Last week at the Dewan RakyatIT’S the same issue session in, session out – parliamentarians complaining about not having enough time to have their say.
Invariably, it involves “long haul” bills, like the Budget and the subsequent Supplementary Supply Bills.
This time round, it was the latter, seeking some RM16bil from the Consolidated Fund.
Tempers flared and loud protests were heard on Monday when Deputy Speaker Datuk Lim Si Cheng, after citing the Standing Orders, limited the time for each MP to speak to 10 minutes.
Datuk Husni Hanazlah (BN – Tambun) had been debating the Supplementary Supply Bill at policy stage when Lim made the decision, and having heard that he (Husni) too was subjected to the ruling, he immediately sat down, seemingly in protest.
The wave of protest against the 10-minute rule from the Barisan and opposition MPs, many of whom were heard uttering: “What can we say in 10 minutes?”
Others were urging Lim not to use Standing Order 67(5) that calls for the debate on the Bill at policy stage to be limited to one day. The next two days were set for debate on the Bill at committee stage.
Lim had the unenviable task of pacifying the MPs, explaining that “had there been fewer of you who wished to speak, I would not have had to set the time limit.”
He then ruled that Opposition Leader Datuk Hadi Awang (PAS – Marang) be allowed to debate for 30 minutes while the others must abide by the 10-minute limit.
The “storm” did not end there. By this time, MPs were nudging each other out of the way, trying to get to speak first.
At one point, proceedings were briefly halted when a fuming Kerk Kim Hock (DAP – Kota Melaka) protested, angered that Datuk Mohd Zin Mohamed (BN – Shah Alam) had apparently been chosen over him.

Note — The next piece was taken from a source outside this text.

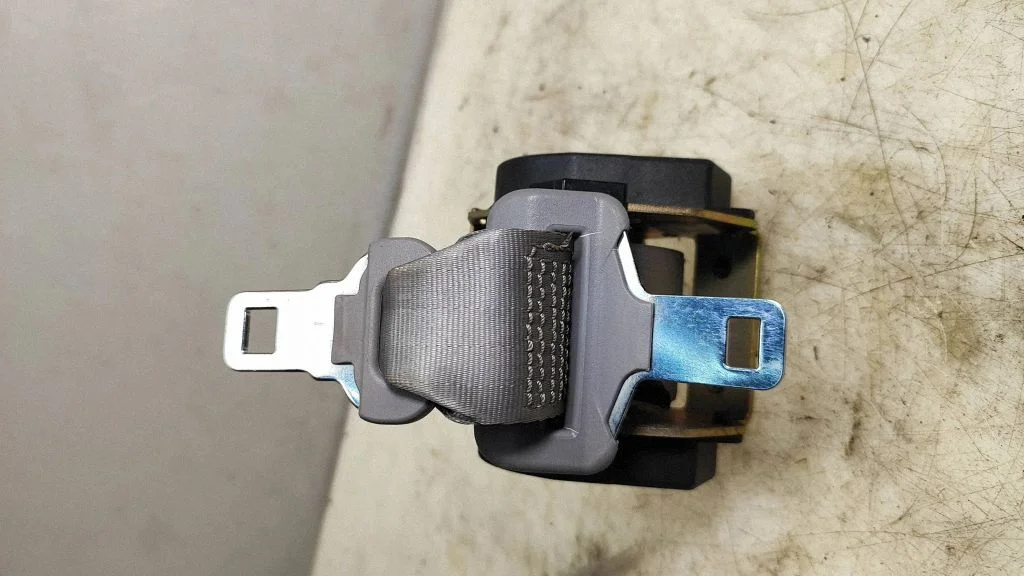 Middle seatbelt (rear)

Later, when his turn came, Kerk argued that Standing Orders 67 (5) should be amended as it was “no longer practical” and urged the Chair to initiate a meeting to discuss it.
Outside the Dewan, Kerk complained that if the MPs’ talk time was limited, many would not bother to do much research as they would only be touching on the issues briefly and in the end, debates would turn out to be shallow and elementary.
“This is Parliament. There should be in-depth discussions. What’s the use of having monologues?
“If parliamentarians are given more time to debate, we can exchange views and spark a lively discussion. We are MPs, to debate is part of our job,” he said.
Lim, when met, agreed that the Standing Orders on the time limit needed a re-look.
What’s stopping the review?
Lim pointed out: “All we need is an MP to write in and call for a meeting over the matter.”
There are other procedures to follow, like going about the business via the relevant committee. But yes, it can be done.
“So far, no one did. They just talk about it in the House,” Lim added.
He also said he was aware that when the Standing Orders were first constituted, there were fewer MPs.
What with the number of MPs set to swell to more than 200 (currently 193) after the next general election, time will be an even greater asset.
Maintaining that he had acted fairly under the circumstances, as per the Standing Orders, Lim said: “Had I not limited the time, each MP would take longer to speak. And we have a deadline. We have to work within that framework.
“If a Barisan MP takes two hours to talk and an opposition MP another two, that is one day’s sitting already,” he said. “At least, if a time limit is set, more MPs will get a chance to speak.”
This issue, according to Lim, is raised every year during the debate on the motion of thanks on the Royal Address, the Budget and the Supplementary Supply Bill.
Another point that Lim and his fellow chairmen past and present have stated several times is that if no time limit was set, some MPs tended to stray from the subject at hand, thus wasting even more time.
It is likely the issue – of the Chair setting a time limit and MPs complaining about not having enough talk time – will surface again.
As one MP noted: “This same issue has cropped up many times before and is still going on.”
Perhaps it’s time for parliamentarians, who play a major part in setting the laws in the country, do something about their own Standing Orders.